If obj is of type Test, of course, or a class derived from Test
(ignoring any const or volatile qualifiers), then copy
initialization is defined to have the same behavior as direct
initialization. (It's not really clear if the copy constructor
is declared explicit, of course---the standard contradicts
itself in that case, saying elsewhere that the direct
initialization syntax cannot be used if the constructor is
declared explicit.)

 

[James Kanze]

Suppose we have a class named Test.

Test obj; // assuming default ctor is available
Test direct_init(obj); // direct initialization happens here
Test copy_init = obj; // copy initialization happens here

Suppose we have a function

void fn(Test arg);

When we call fn() with fn(obj), the copy ctor
is called to construct 'arg'. Am I correct?
Yes.

Question is what kind of initialization - direct
initialization or copy initialization, happens to
construct arg ?

Formally, it's copy initialization. But the standard also says
that if the type of the initialization is the same as, or a
class derived from, the target type, copy initialization behaves
the same as direct initialization. There is only a difference
when conversions are involved.

What does the standard say in this regard ?

Exactly what I just said.

If copy initialization happens, then if the copy
ctor is 'explicit', then calling fn(obj) will not
compile. Am I correct ?

I don't think so, but the original standard is far from clear.
In the section on initialization, it makes it very clear that if
the initialization expression in copy initialization has the
same type as, or a type derived from, the target type, the
semantics are the same as those of direct initialization. In
the section concerning explicit, on the other hand, the latest
draft says that an explicit constructor will only be used "where
the direct-initialization syntax (8.5) or where casts (5.2.9,
5.4) are explicitly used." (Of course, it contradicts this for
explicit default constructors in the very next sentence. But
that doesn't affect the copy constructor.)

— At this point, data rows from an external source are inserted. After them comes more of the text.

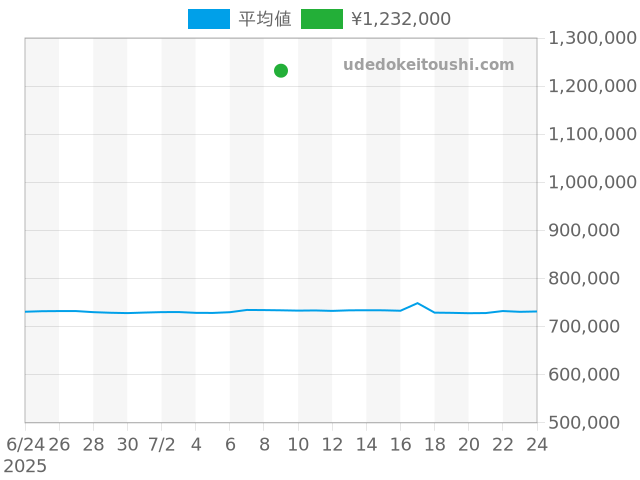 クロノグラフの過去販売価格（2025年07月09日）のグラフ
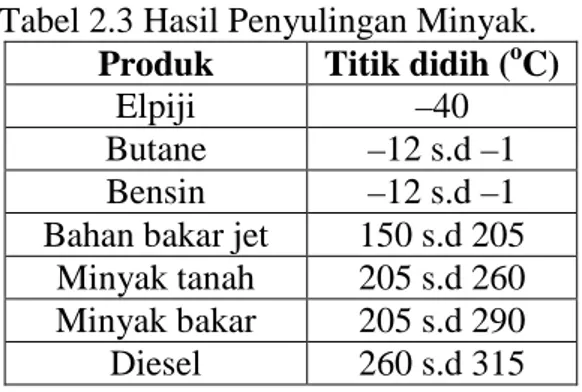 Tabel 2.3 Hasil Penyulingan Minyak. 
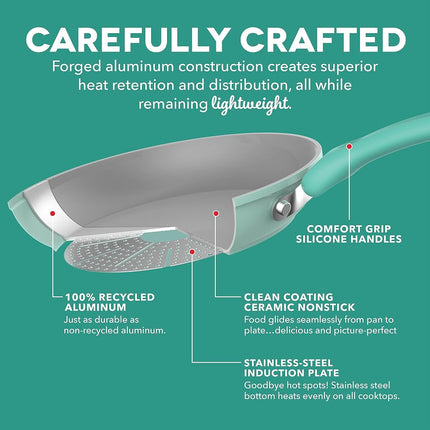 Dash Dream Green Recycled Aluminum 8" & 10" Fry Pan Set of 2- Aqua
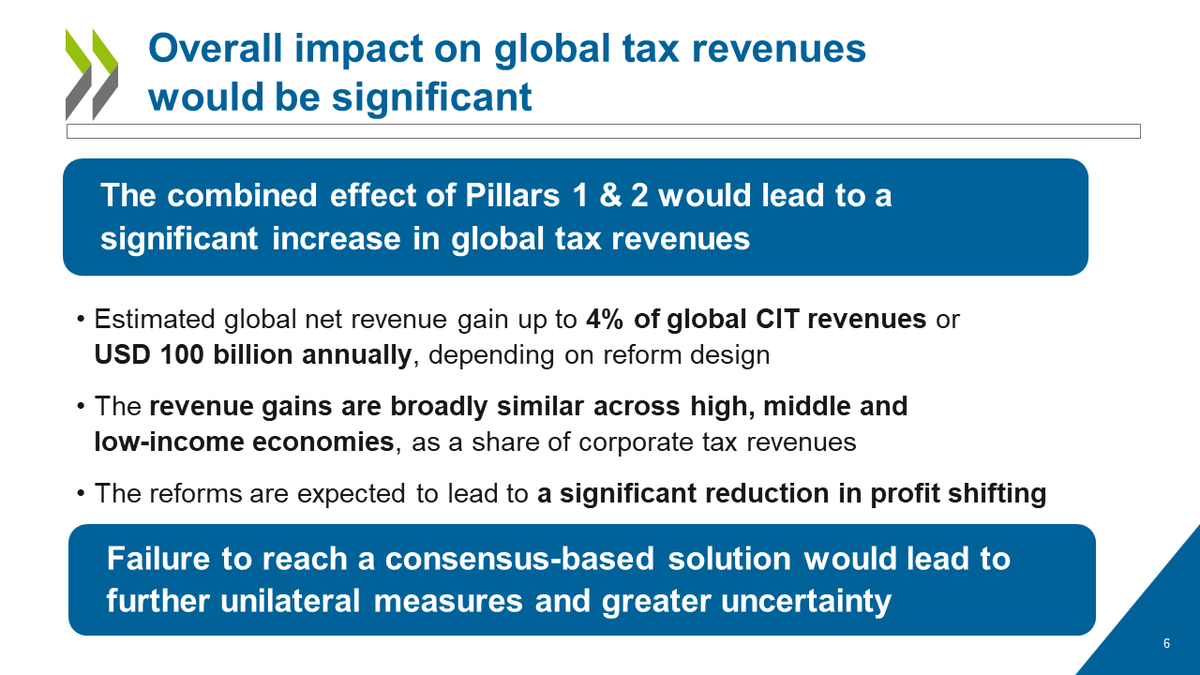 #Pillar1 & #Pillar2: @OECDtax impact assessment & economic analysis... 
- Global net revenue GAIN up to 4% of global CIT ($100m p.a.)
- Gains similar across high / middle / low-income economies
- 'Significant' reduction in profit shifting
buff.ly/1aOIm4A
#Tax #NewTaxOrder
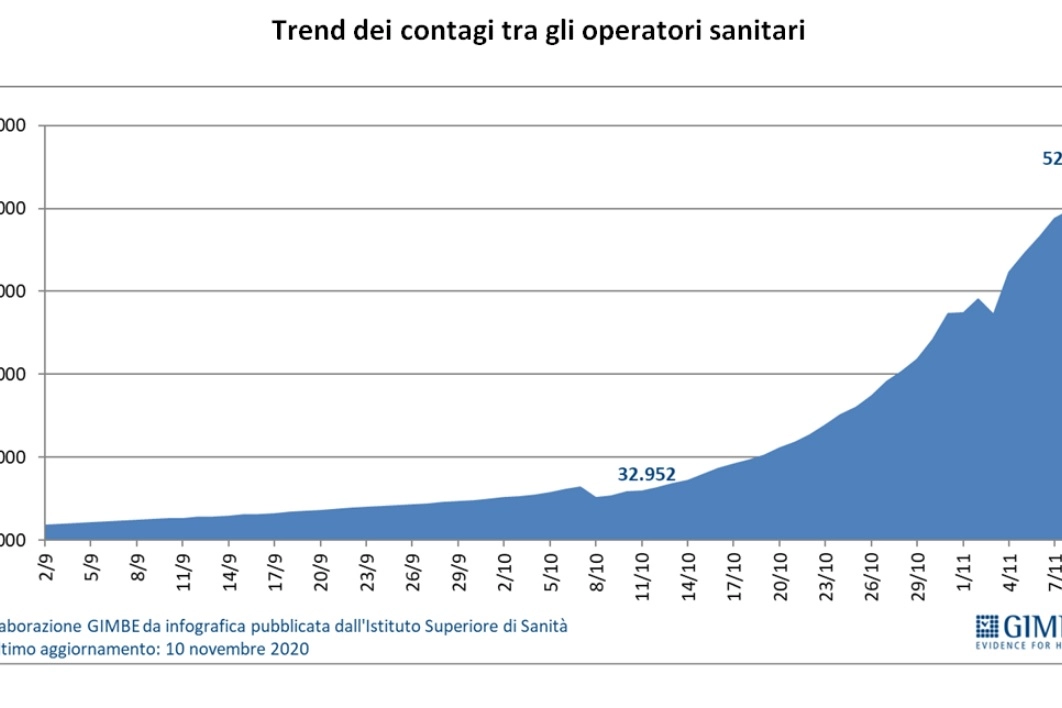 Trend dei contagi tra gli operatori sanitari (grafico fondazione Gimbe)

The simplest solution is just to never declare the copy
constructor explicit. (Since explicit is designed to prevent
conversions, and the copy constructor doesn't "convert" anything
in the classical sense of the word, the logical decision would
have been for explicit to be ignored on the copy constructor.)

 

[James Kanze]

You should check which flags you are using then, I could not get that
past the VC++ compiler.

Also, perhaps, the version. I think that there was some
discussion concerning what was really meant in the standards
committee; the standard does contradict itself on this subject,
and it's quite possible that compiler implementors interpreted
it differently at one time.

 

[Alf P. Steinbach]

* James Kanze:

Formally, it's copy initialization. But the standard also says
that if the type of the initialization is the same as, or a
class derived from, the target type, copy initialization behaves
the same as direct initialization. There is only a difference
when conversions are involved.


Exactly what I just said.


I don't think so, but the original standard is far from clear.
In the section on initialization, it makes it very clear that if
the initialization expression in copy initialization has the
same type as, or a type derived from, the target type, the
semantics are the same as those of direct initialization. In
the section concerning explicit, on the other hand, the latest
draft says that an explicit constructor will only be used "where
the direct-initialization syntax (8.5) or where casts (5.2.9,
5.4) are explicitly used."

This is also the language of the original standard.

It's not a contradiction: "explicit" is a limitation on allowable syntax
for constructor calls, namely that they must be explicit, and is not
concerned with the final semantic effect of a call.

In other words, §8.5 on initialization refers to the semantic effect,
whereas §12.3.1 on explicit constructors refers to which syntax syntax
is allowed.

Only in the cases where explicit constructor call syntax is not
available (the only such case I know is passing an argument by value)
does that limit what can be done, the possible semantics.

> (Of course, it contradicts this for
explicit default constructors in the very next sentence. But
that doesn't affect the copy constructor.)

I'm not sure I understand what you mean here or really what you're
referring to. Possibly you're talking about the exception for default
constructors. If so then yes I agree the wording is not very clear.

But no matter.

The simplest solution is just to never declare the copy
constructor explicit. (Since explicit is designed to prevent
conversions, and the copy constructor doesn't "convert" anything
in the classical sense of the word, the logical decision would
have been for explicit to be ignored on the copy constructor.)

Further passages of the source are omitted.